┌──
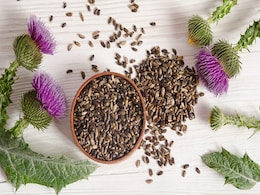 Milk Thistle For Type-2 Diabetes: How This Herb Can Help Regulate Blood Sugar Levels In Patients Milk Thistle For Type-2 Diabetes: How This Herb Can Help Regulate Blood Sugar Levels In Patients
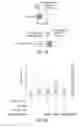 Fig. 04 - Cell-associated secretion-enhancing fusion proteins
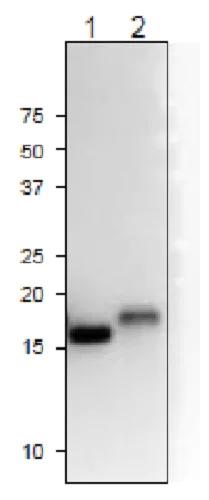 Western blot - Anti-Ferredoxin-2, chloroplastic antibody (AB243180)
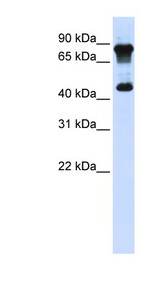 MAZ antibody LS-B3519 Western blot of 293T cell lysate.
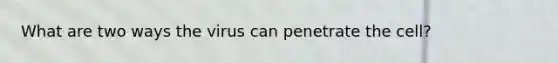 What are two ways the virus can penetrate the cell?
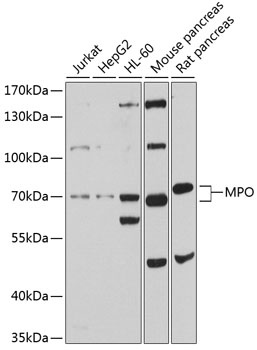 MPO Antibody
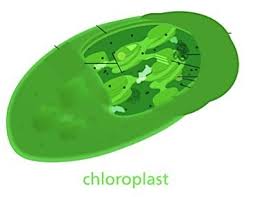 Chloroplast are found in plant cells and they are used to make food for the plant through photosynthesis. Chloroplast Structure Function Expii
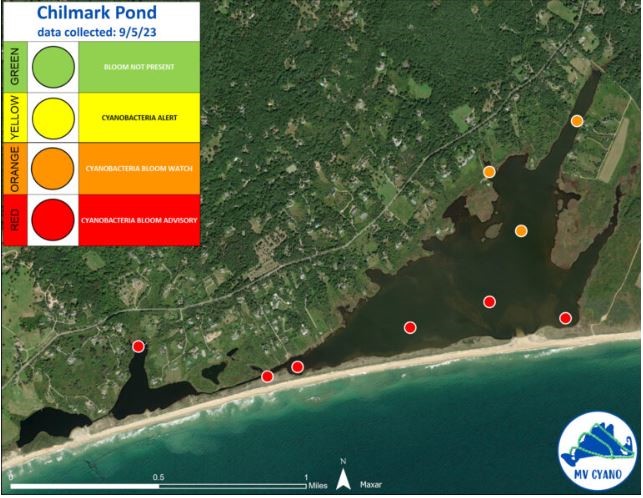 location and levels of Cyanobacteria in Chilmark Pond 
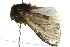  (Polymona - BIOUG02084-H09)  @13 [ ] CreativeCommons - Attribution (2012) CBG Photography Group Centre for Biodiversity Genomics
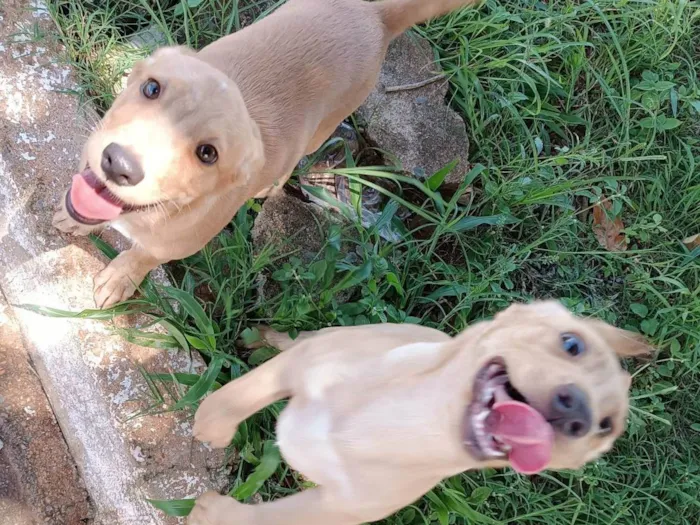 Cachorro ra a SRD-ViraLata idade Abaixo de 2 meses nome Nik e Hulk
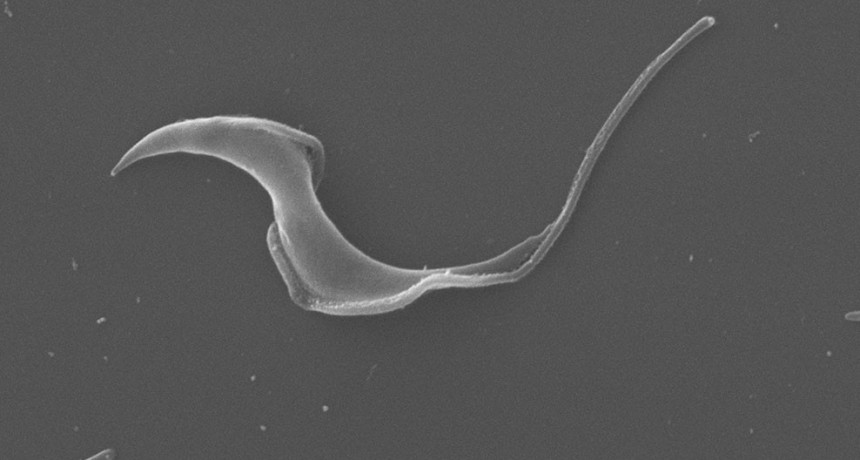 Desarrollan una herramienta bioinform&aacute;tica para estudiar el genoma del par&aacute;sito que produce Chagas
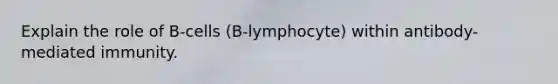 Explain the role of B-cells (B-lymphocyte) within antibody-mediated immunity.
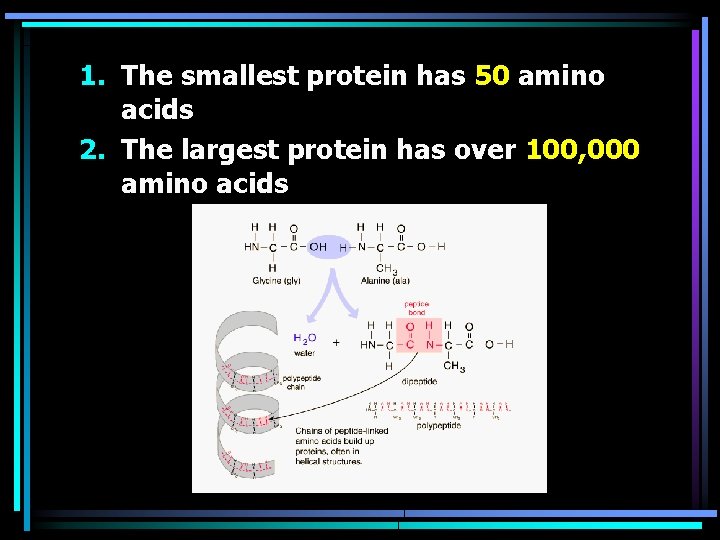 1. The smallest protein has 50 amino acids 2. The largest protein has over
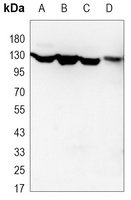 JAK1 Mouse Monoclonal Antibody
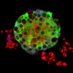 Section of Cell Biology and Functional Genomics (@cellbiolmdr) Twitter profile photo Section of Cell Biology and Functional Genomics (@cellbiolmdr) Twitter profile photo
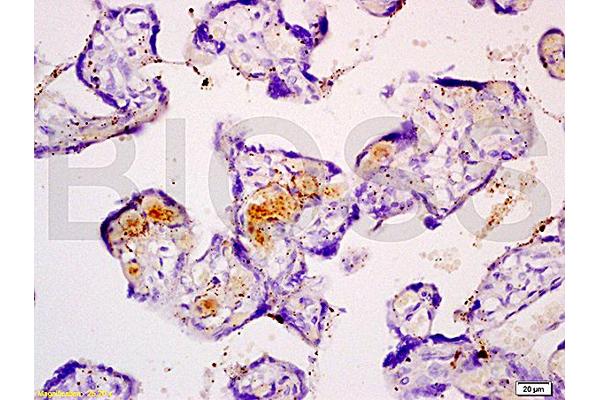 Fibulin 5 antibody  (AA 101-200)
└──
§ **Assignment**
The records above are to be retyped exactly, with every picture left out.

§ **Exercise result**
 Milk Thistle For Type-2 Diabetes: How This Herb Can Help Regulate Blood Sugar Levels In Patients Milk Thistle For Type-2 Diabetes: How This Herb Can Help Regulate Blood Sugar Levels In Patients
 Fig. 04 - Cell-associated secretion-enhancing fusion proteins
 Western blot - Anti-Ferredoxin-2, chloroplastic antibody (AB243180)
 MAZ antibody LS-B3519 Western blot of 293T cell lysate.
 What are two ways the virus can penetrate the cell?
 MPO Antibody
 Chloroplast are found in plant cells and they are used to make food for the plant through photosynthesis. Chloroplast Structure Function Expii
 location and levels of Cyanobacteria in Chilmark Pond 
  (Polymona - BIOUG02084-H09)  @13 [ ] CreativeCommons - Attribution (2012) CBG Photography Group Centre for Biodiversity Genomics
 Cachorro ra a SRD-ViraLata idade Abaixo de 2 meses nome Nik e Hulk
 Desarrollan una herramienta bioinform&aacute;tica para estudiar el genoma del par&aacute;sito que produce Chagas
 Explain the role of B-cells (B-lymphocyte) within antibody-mediated immunity.
 1. The smallest protein has 50 amino acids 2. The largest protein has over
 JAK1 Mouse Monoclonal Antibody
 Section of Cell Biology and Functional Genomics (@cellbiolmdr) Twitter profile photo Section of Cell Biology and Functional Genomics (@cellbiolmdr) Twitter profile photo
 Fibulin 5 antibody  (AA 101-200)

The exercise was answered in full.